1 Introduction

Breakthrough is a fairly new game, invented in 2000 by Dan Troyka and was the winner of the 2001 about.com \(8 \times 8\) Game Design Competition. It provides an interesting mix of strategy and tactics and so is a popular game for games researchers [1,2,3,4,5].

It is played on an \(8\times 8\) board. The first two rows are populated with White’s pieces and the last two rows with Black’s. The first row is White’s home row and the eighth row is White’s goal. White moves their pieces towards their goal, one square forward at a time, either straight or diagonally. White may not move to a square already occupied by a white piece and may only capture a black piece if it is a diagonal move. White cannot move straight forward to a square occupied by a black piece. Black moves similarly. The first player to reach their goal row or capture all the opponent’s pieces is the winner. A draw is impossible in Breakthrough.

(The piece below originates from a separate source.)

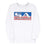 Kids Perf Shirt|SA-K20017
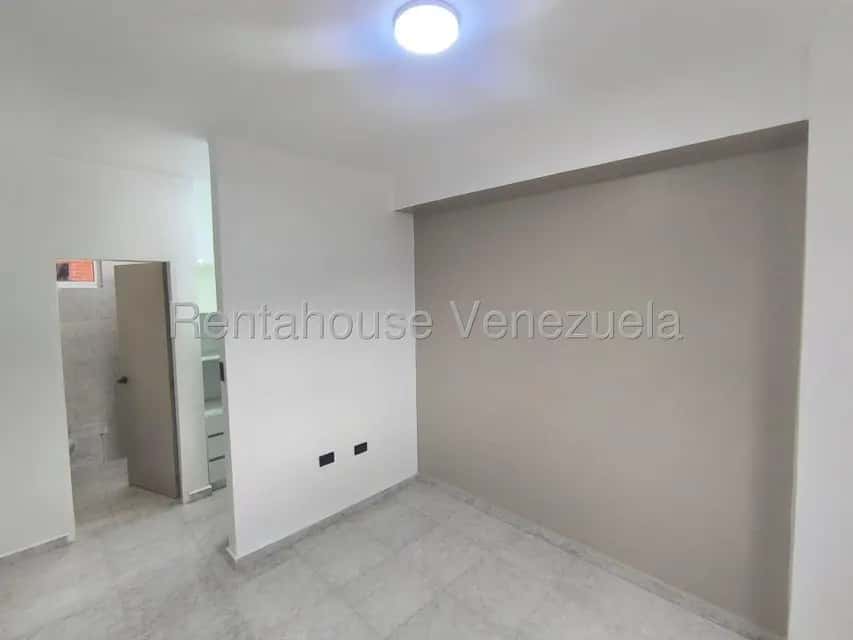Vista 33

Figure 1 shows two Breakthrough positions, both with White to move.Footnote 1 The one on the left is the starting position and the one on the right is after 22 moves have been played. From the second position the white piece on g2 may move either to g3 or h3, the piece on f3 may either move to g4 or capture on e4, and the piece on f4 may make either diagonal move.

Fig. 1.
figure 1

Sample Breakthrough positions.

Starting with Wanderer, a strong MCTS/EPT (Monte-Carlo Tree Search with Early Playout Termination) based program that plays Breakthrough [3], we created two new versions: Wan-TDL uses temporal difference learning (TDL) techniques to create an evaluation function and Wan-CNN uses convolutional neural networks (CNNs) to generate a probability distribution over moves with respect to an expert Wanderer given a particular board configuration.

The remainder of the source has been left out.